It’s all very well to be optimistic when you are down, and although you’re seeing stars from the ditch, that doesn’t cut it for me anymore. It has got to improve. I don’t want to smell funny and disoriented from too much muddling through anymore. And a goal-oriented blogging is the way to go. So here are my goals for next year:
1. Clarity. I resolve to use simple, everyday words in my blog if I really want to gain readers. So that the riffraff in my neighborhood will finally take a liking to me and thus bulk up my readership. Without their sweaty embrace and at the very least their grudging respect I’d be doomed at the bottom of the food chain.
2. Use of Exotic Terms. I will do away with high highfalutin words so I can sneak in every now and then some jargon of my choice. Like SEO. Leveraging. Meta this, meta that. Every one should understand that it’s just very much like a dance of joy when posts about couple of obscure financial jargon will have successfully driven an insane volume of traffic to this blog. Consider this a commercial break from regular program. Don’t despair because I will make it up to you in our karaoke night outs.
3. Utility. I’d serve you a movable feast of riches via guides to your personal growth. Simply because I’m a buddy after your own heart. I care for you deeply. Not only will I teach you how to make your armpits smell like a baby, I’d occasionally point you where the wonderful freebies are. Free downloads and stuff. Because I care from the smallest of your whims to your total education.
4. Upfront and Personal. I’d try to a put a little something of myself into my writing. So you and the world can find some uniqueness from the drivel that I dispense against the output of the rest of the blogosphere. Or I can draw inspiration from your exciting life and the wench you call your significant other.

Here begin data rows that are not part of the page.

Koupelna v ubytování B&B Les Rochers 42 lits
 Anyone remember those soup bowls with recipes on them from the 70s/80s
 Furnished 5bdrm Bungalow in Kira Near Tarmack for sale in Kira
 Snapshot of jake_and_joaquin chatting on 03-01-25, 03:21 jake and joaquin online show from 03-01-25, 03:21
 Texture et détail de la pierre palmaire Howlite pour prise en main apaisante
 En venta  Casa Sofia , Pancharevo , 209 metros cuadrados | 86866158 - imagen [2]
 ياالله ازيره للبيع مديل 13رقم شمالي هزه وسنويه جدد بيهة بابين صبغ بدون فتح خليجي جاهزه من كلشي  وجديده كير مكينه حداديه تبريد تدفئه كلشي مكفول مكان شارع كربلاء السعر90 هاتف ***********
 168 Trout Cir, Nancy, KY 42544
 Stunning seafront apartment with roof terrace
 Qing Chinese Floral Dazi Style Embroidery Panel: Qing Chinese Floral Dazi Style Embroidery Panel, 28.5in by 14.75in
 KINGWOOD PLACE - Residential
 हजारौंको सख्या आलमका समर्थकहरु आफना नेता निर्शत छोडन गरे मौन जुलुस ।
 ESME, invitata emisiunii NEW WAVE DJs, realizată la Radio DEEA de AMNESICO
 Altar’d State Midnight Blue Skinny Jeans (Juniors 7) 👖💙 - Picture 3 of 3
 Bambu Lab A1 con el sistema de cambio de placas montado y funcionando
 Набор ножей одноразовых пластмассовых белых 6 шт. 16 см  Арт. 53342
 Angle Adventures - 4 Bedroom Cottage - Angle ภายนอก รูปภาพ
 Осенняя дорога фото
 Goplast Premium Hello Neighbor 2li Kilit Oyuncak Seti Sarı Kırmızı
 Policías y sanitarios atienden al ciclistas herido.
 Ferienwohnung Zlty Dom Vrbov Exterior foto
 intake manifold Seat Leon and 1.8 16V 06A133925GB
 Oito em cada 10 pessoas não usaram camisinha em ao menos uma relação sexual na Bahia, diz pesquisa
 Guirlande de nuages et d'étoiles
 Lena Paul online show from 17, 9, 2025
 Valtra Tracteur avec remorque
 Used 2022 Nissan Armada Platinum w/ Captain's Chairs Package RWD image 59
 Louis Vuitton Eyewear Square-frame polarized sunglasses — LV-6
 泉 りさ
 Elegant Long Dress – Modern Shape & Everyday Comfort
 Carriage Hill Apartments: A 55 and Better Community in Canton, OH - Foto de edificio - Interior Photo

And when she finally leaves you for your own father, hello, maybe there’s poetic justice in seeing her nailed just right on the internet, okay?
5. Sky-high Statistics – unique visitors, page views, subscribers, adsense growth. Last week, I was ecstatic I had one subscriber. Of course that was shortlived because I found out I had subscribed to my own feed through my mobile phone. What a hoot. Although I honestly think I have good taste so a vote of confidence – even from myself – ah, that’s big deal. Hahaha. Faith cannot move mountains at my behest, but I sure can haul my ass up there.
6. Zen. I’d be detached from materialistic considerations. My equilibrium rests not on the fickle tastes of readers and the inscrutable Mr. Google. But of course,just to be sure, I’d be keeping a tight watch over these concerns. Especially my small patch of adsense. I will be serenely watching my grass grow. And finally -
7. I’d intone every morning as I watch the sunrise, “Universe, I am ready. Give it to me, give it to me.”
8. Chuck nos. 1 to 7. Okay, I need to go for clarity, utility, and Zen qualities. But not in the aforementioned context. I’d just be myself, engage you in meaningful conversations, I hope. And gently connect to the universe, and not holler into it.